#### [Exercise goal]
Reproduce the data in full, exactly as given, leaving images out.

[Task input]

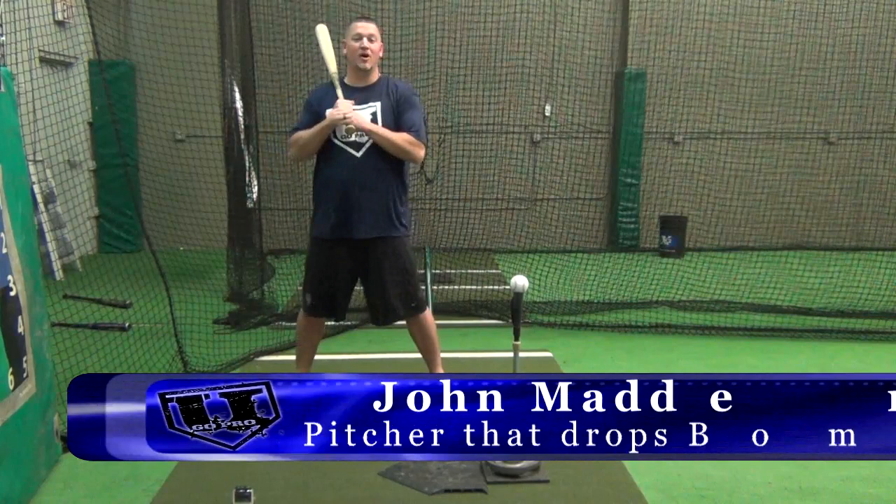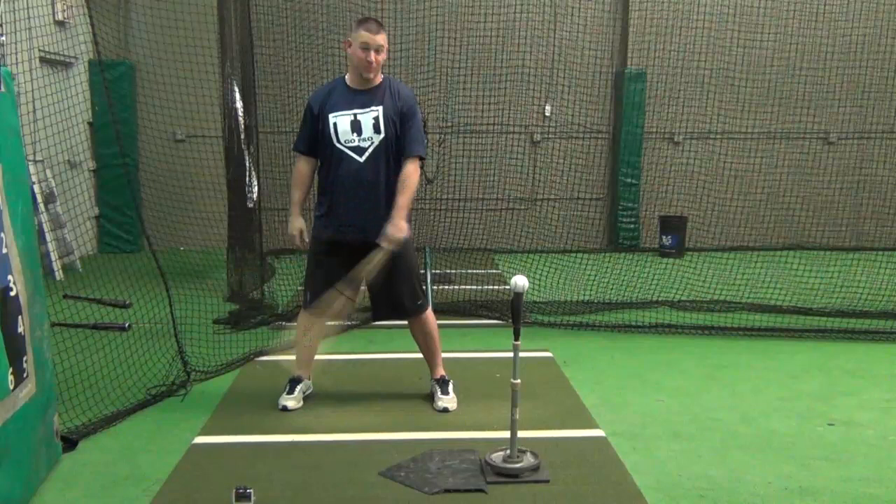What's up guys, John Madden from YouGoProBaseball.com. Today we're going to talk about what the back foot actually does during a swing.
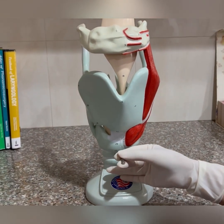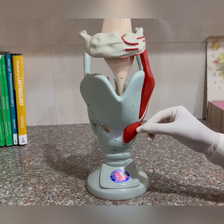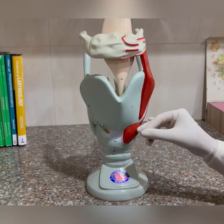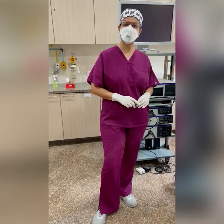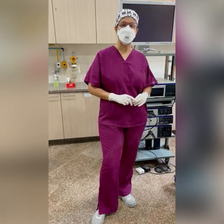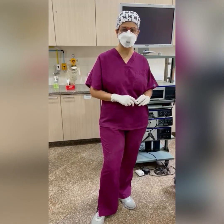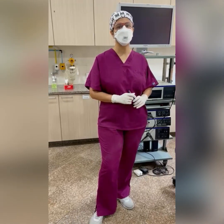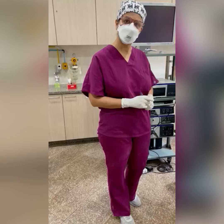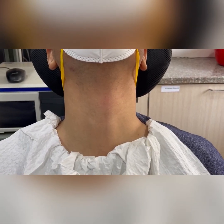With the cricothyroid route you have to be close to the vocal folds, and with the trans-thyroid technique you won't see the needle tip — you just want to see the tenting. For the first few injection laryngoplasty cases you perform, it may be preferable to make surface markings on the patient's neck so that you are exactly comfortable with where the needle should be inserted during the percutaneous injection. Here we have our patient with the neck in a position of extension.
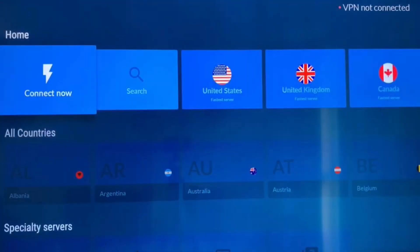After verifying successfully, you'll see the option to select your desired country. I'm choosing the United States – and that's it. You now know how to set up a VPN on your Google TV.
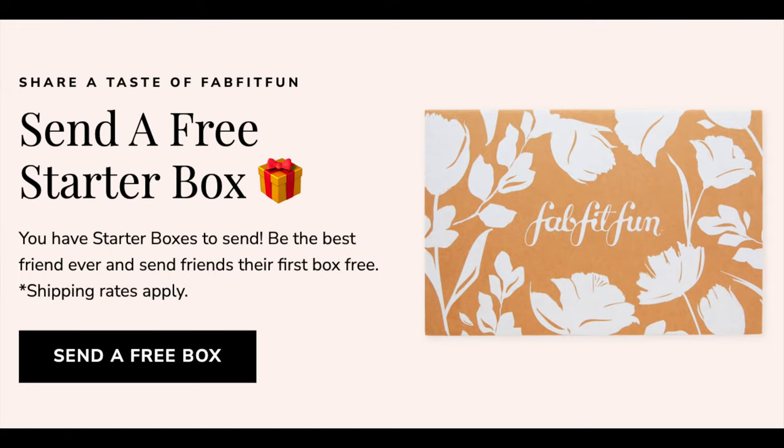If you're interested and you've never done FabFitFun, I have four sample boxes to give out. You can never have been a FabFitFun member or subscribed before. I'm not a FabFitFun partner — I pay for my box. It's something they give annual subscribers. You can contact me through my website, ShannonFour.com — there's a contact us button — just send me your name and email and I'll send one out to you.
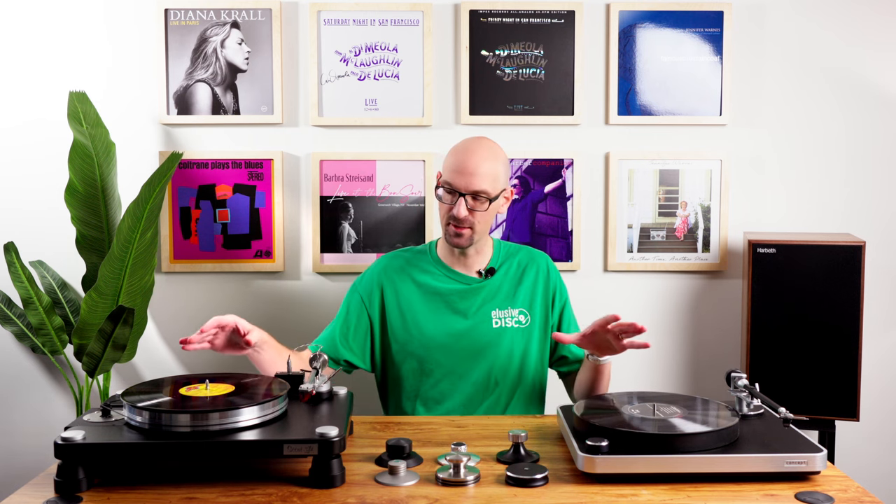Thanks for sticking with us. Picking one of these out, I don't think there's really a wrong choice as long as you're not getting one with the wrong spindle in mind. If you have any questions, let us know — we'll have links to all these in the description. You can leave a comment, send us an email, or give us a call to discuss any of these options. Thanks for watching, and don't be afraid to like the video and subscribe if you want more content like this.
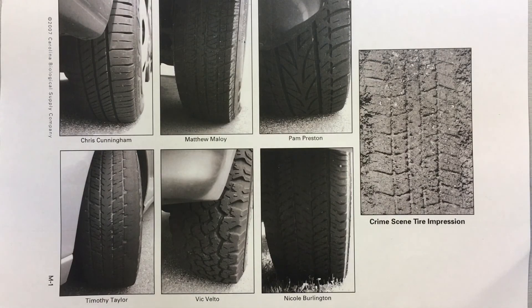For our final analysis, we have the tire impression evidence marked with the suspects and the car that was present at the crime scene. I'll leave you to have a look, analyze it, and mark which one you think is most accurate.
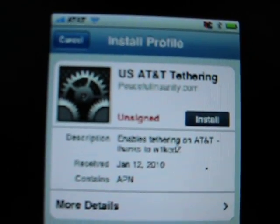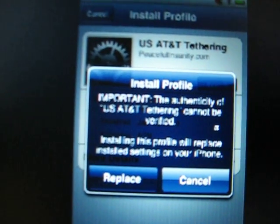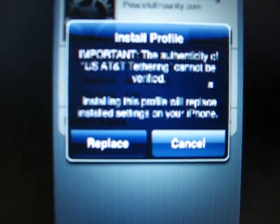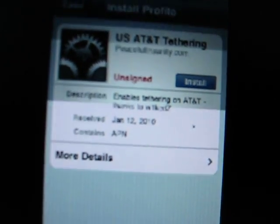When it loads, it'll say do you want to install? Click Yes — though it may say Replace if you've already done it. Then reboot your iPhone.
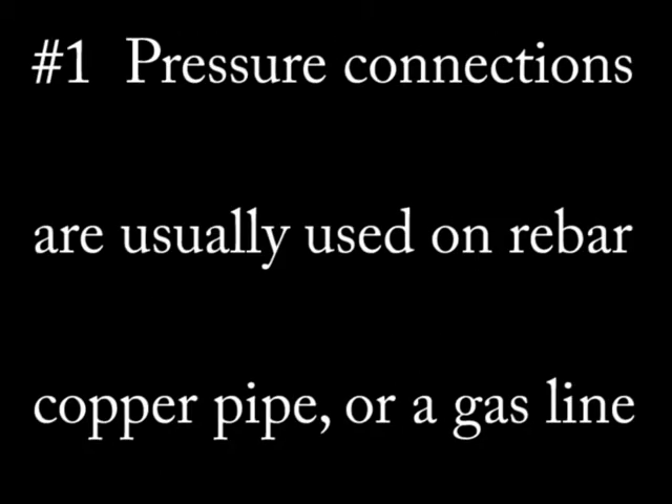The first of the four methods is called a pressure connector. It is usually a ground clamp, acorn fitting, or other device that connects wire to rebar, copper plumbing, or gas pipeline.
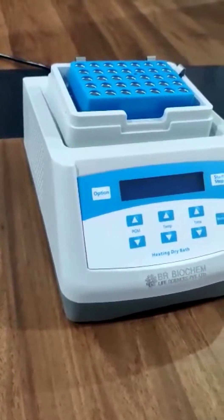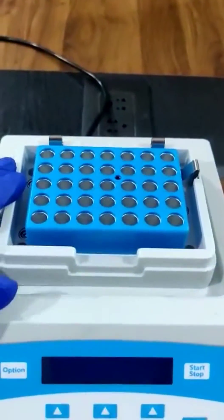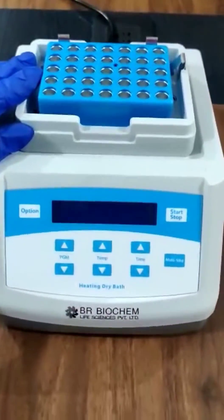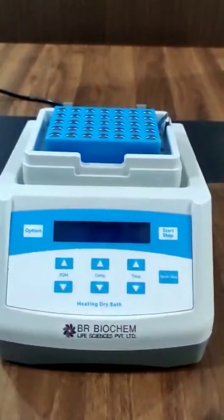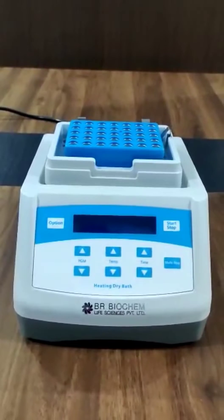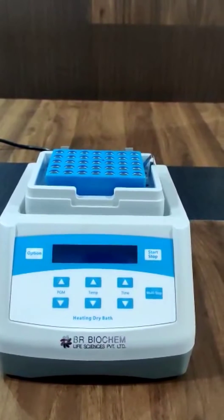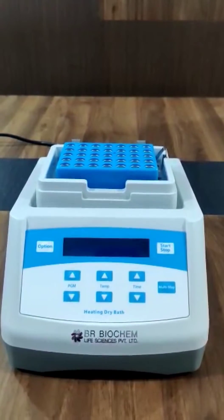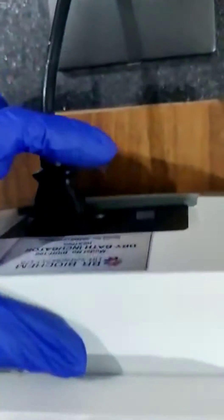In this dry bath, the standard block comes along with it. This is the 35 x 1.5 ml block of the dry bath incubator, meaning you can put 35 tubes of 1.5 ml. We have more blocks also, like 0.2 ml, 0.5 ml, 2 ml, 5 ml, 10 ml, 15 ml, and 50 ml. We also have a 0.2 ml ELISA plate block.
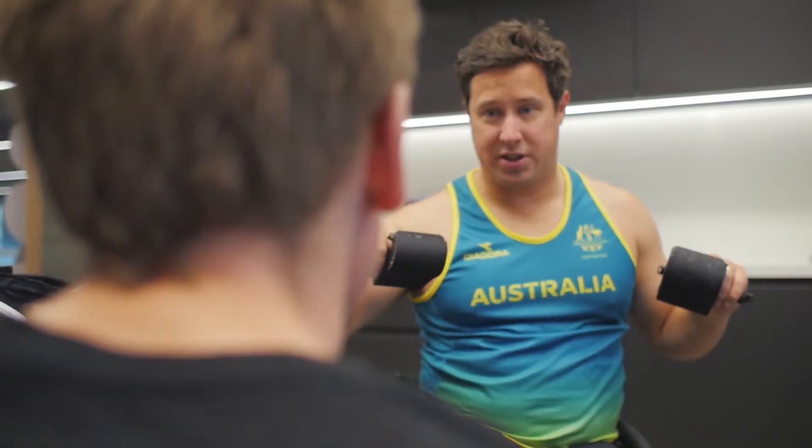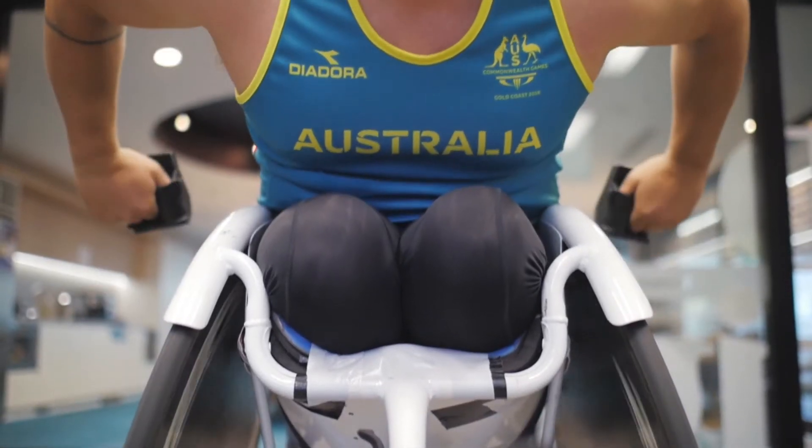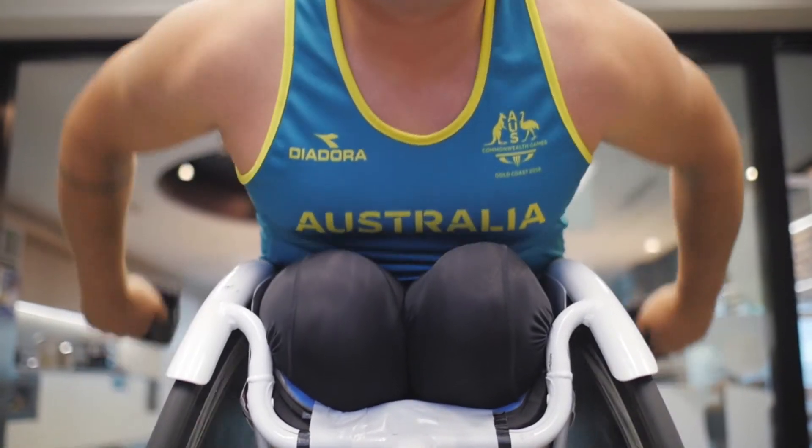The advantage of using the ThinkLab 3D printed customisable personal gloves was a massive advantage. Strong, reliable, custom-made to my own hands — it made a real difference.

[/Task input]

#### [Worked solution]
What's up guys, John Madden from YouGoProBaseball.com. Today we're going to talk about what the back foot actually does during a swing.
With the cricothyroid route you have to be close to the vocal folds, and with the trans-thyroid technique you won't see the needle tip — you just want to see the tenting. For the first few injection laryngoplasty cases you perform, it may be preferable to make surface markings on the patient's neck so that you are exactly comfortable with where the needle should be inserted during the percutaneous injection. Here we have our patient with the neck in a position of extension.
After verifying successfully, you'll see the option to select your desired country. I'm choosing the United States – and that's it. You now know how to set up a VPN on your Google TV.
If you're interested and you've never done FabFitFun, I have four sample boxes to give out. You can never have been a FabFitFun member or subscribed before. I'm not a FabFitFun partner — I pay for my box. It's something they give annual subscribers. You can contact me through my website, ShannonFour.com — there's a contact us button — just send me your name and email and I'll send one out to you.
Thanks for sticking with us. Picking one of these out, I don't think there's really a wrong choice as long as you're not getting one with the wrong spindle in mind. If you have any questions, let us know — we'll have links to all these in the description. You can leave a comment, send us an email, or give us a call to discuss any of these options. Thanks for watching, and don't be afraid to like the video and subscribe if you want more content like this.
For our final analysis, we have the tire impression evidence marked with the suspects and the car that was present at the crime scene. I'll leave you to have a look, analyze it, and mark which one you think is most accurate.
When it loads, it'll say do you want to install? Click Yes — though it may say Replace if you've already done it. Then reboot your iPhone.
The first of the four methods is called a pressure connector. It is usually a ground clamp, acorn fitting, or other device that connects wire to rebar, copper plumbing, or gas pipeline.
In this dry bath, the standard block comes along with it. This is the 35 x 1.5 ml block of the dry bath incubator, meaning you can put 35 tubes of 1.5 ml. We have more blocks also, like 0.2 ml, 0.5 ml, 2 ml, 5 ml, 10 ml, 15 ml, and 50 ml. We also have a 0.2 ml ELISA plate block.
The advantage of using the ThinkLab 3D printed customisable personal gloves was a massive advantage. Strong, reliable, custom-made to my own hands — it made a real difference.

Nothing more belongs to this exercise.